Wonder how much Cathie Wood paid for this.
but it’s 100% accurate!
Fair points and it is mostly inertia at this point for me, but at the time I opened up a brokerage account on Vanguard it was because I realized I had 4 different investment accounts across 4 different platforms. I wasn’t too impressed with the platforms for 2 of them (Schwab, Fidelity) and the other provider didn’t offer any other accounts except for the company 401k. So I tried to simplify a little bit by adding another account to Vanguard since it’s still easy enough to maneuver around once you figure out how to do the thing you need to do (setup an automatic reoccurring transaction).I remember calling support when I setup my Roth because it wasn’t clear at all what I was doing and actually had a decent support experience.
I have been meaning to rollover a 401k into an IRA. etrade looks like a pretty good platform since I’m not too worried about being across different platforms anymore.
I mean I guess but I spend like 15 minutes a year making adjustments on Vanguard’s website.
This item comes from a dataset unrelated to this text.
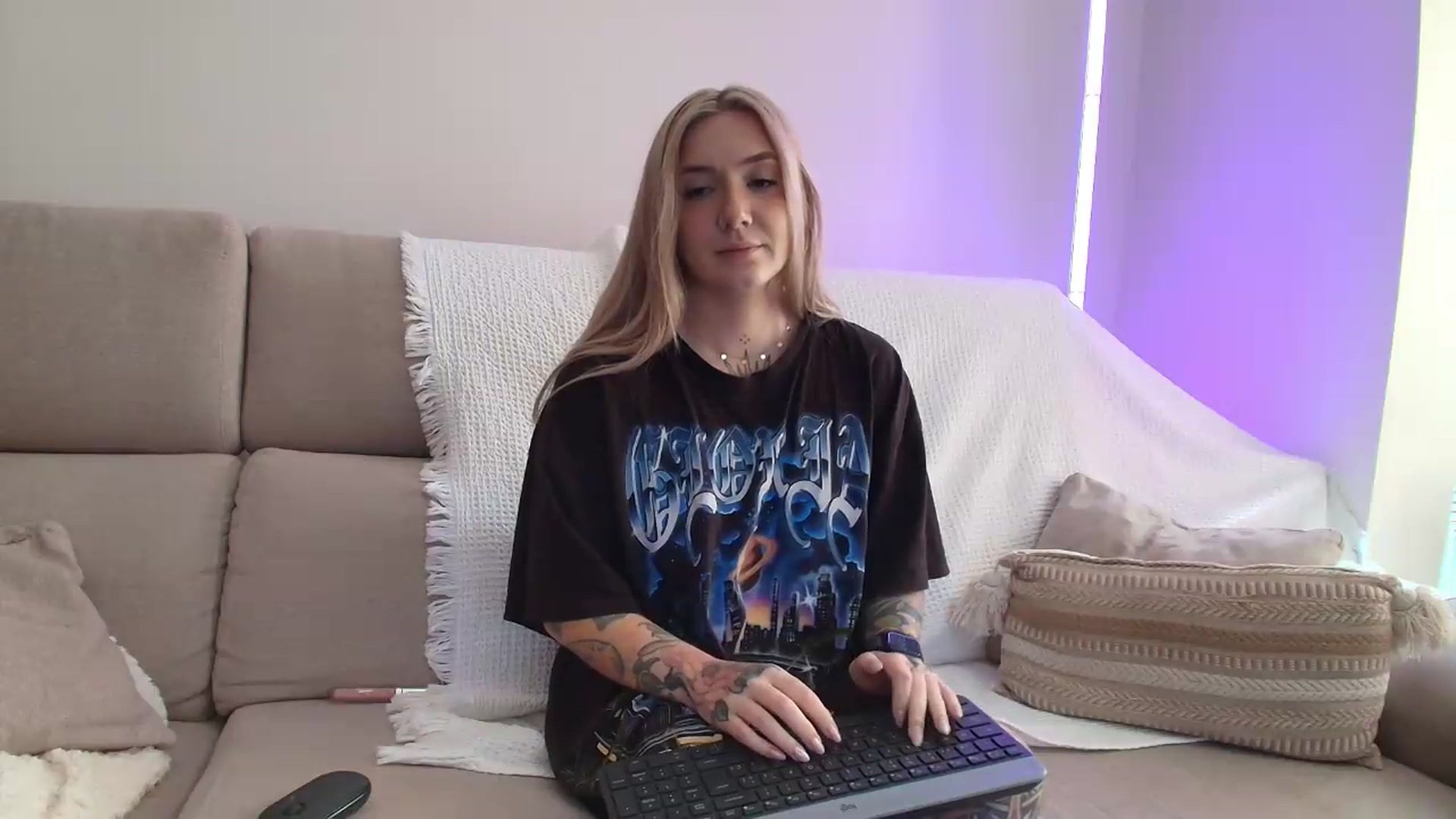 Gallery image thumbnail from Tattoo_bbgirl's myfreecams stream on, 09/23/2026, 13:07 image 16 of 20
Maybe on etrade it’d be seven minutes a year? I’ve never had to do anything like roll over a 401k so maybe that sort of stuff is significantly harder, who knows.
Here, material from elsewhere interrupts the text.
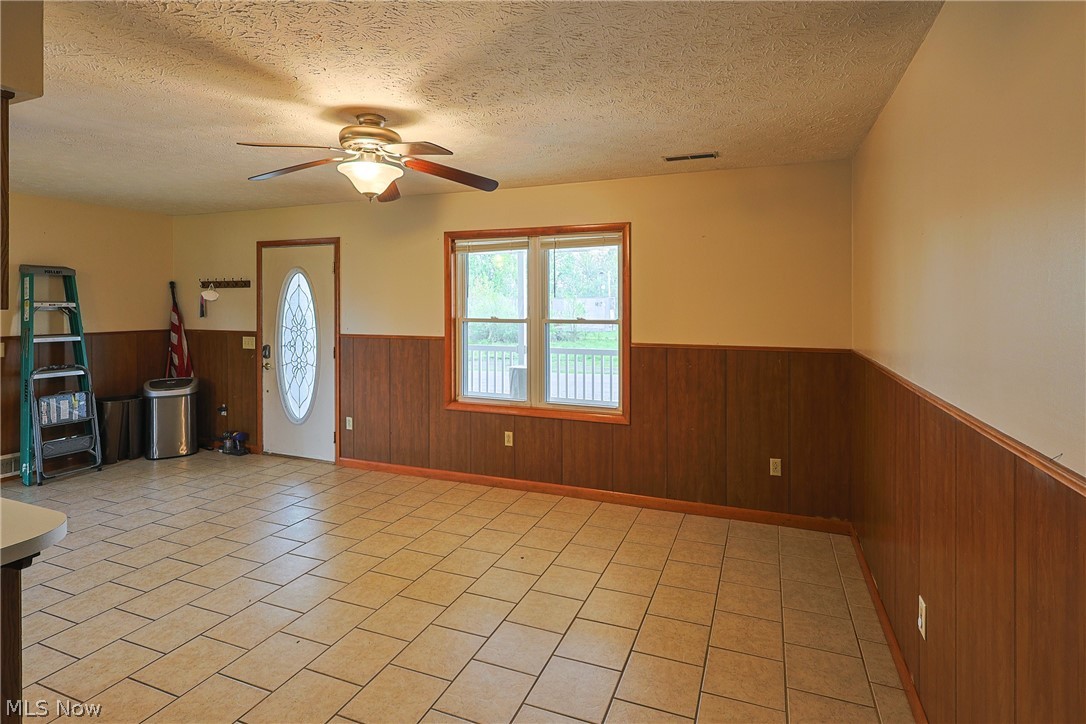2716 N Railroad Street Collins OH 44826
Does anyone have any experience with Wealthfront or Betterment? I am thinking about giving one of them a chance.
I think they do direct indexing which seems like a complete nightmare to me relative to just buying VTSAX.
You could maybe beat their higher vig with their automatic tax loss harvesting feature but it just seems like not worth the effort. I looked into one of those years ago but bailed when I figured out there was no way to elect to not reinvest dividends. No big deal for me now, but when you start withdrawing from your accounts you want that option.
I recently saw Fidelity advertising this and it seems kind of awesome - Like, yes, I want to exactly hold the entire S&P 500 except for Tesla. I would have absolutely done that. Of course, this is exactly the attitude that leads investors to underperform the market, but IT MIGHT WORK FOR ME.
People come up with all kinds of mechanisms for dealing with euphoria about a certain stock. In Canada many years ago our largest company by far was Nortel. Nortel is famous in Canadian business history because it was just a monumental Canadian company. At one point I recall that Nortel was over 1/3 of the entire Canadian TSE 300 stock index and almost half the TSE 60 index of the 60 largest companies in Canada. For a large part of my early career, Canada had two stock indices that were tracked separately because the main index was just the “Nortel plus noise” index. We still have a “capped index” that limits the contribution of any one company to 10%, but for many years the performance has been pretty much the same between the index and the capped index.
Nortel’s ascension and bankruptcy is a fascinating story of business and retail investing. There’s a great book about the company called The Bubble And The Bear.
Never heard of this before, but just put it on my reading list. When I saw the rating of 3.75, I was initially hesitant.
So I read the single review. At first, I was like
If this were half as long I think I would find it twice as interesting.
But then I was like
Lots of technical detail in this forensic account but not all of it accessible.
I, for one, am glad that Vanguard has all the functionality of a Geocities era website
In for spidercrab book review.
Can someone explain how Goldman lost $3 billion starting a consumer bank? That’s a staggering amount of money! I’ve read like a dozen articles and none of them explain why the losses happened.
well lending money to consumers seems like a thing that can easily go very very wrong if you are too loose about it
From what I gleaned in a very cursory manner the “lost” money is just a reserve for if they actually lose money. It’s not gone, it just has to be reserved.
Unless I read it very wrong.
Like there’s no way people defaulted in 3 billion dollars of apple card. Fuck outta here.
Where are you seeing this? There’s the WSJ story here:
that says they’ve lost $3 billion since 2020. But I’m having a hard time seeing where that loss is showing up on their financials.
Holy shit. I just saw a Rivian truck in the wild. I didn’t think it was a real operating company.
I see them all the time in San Jose, you can always tell it’s a Rivian by the goofy looking oval headlights.
Ya, I’ve seen plenty of Rivian and Polestars out here. The Rivian Amazon van has a very unique amount of lights on it and also unique in that it was the first electric delivery van I’ve seen.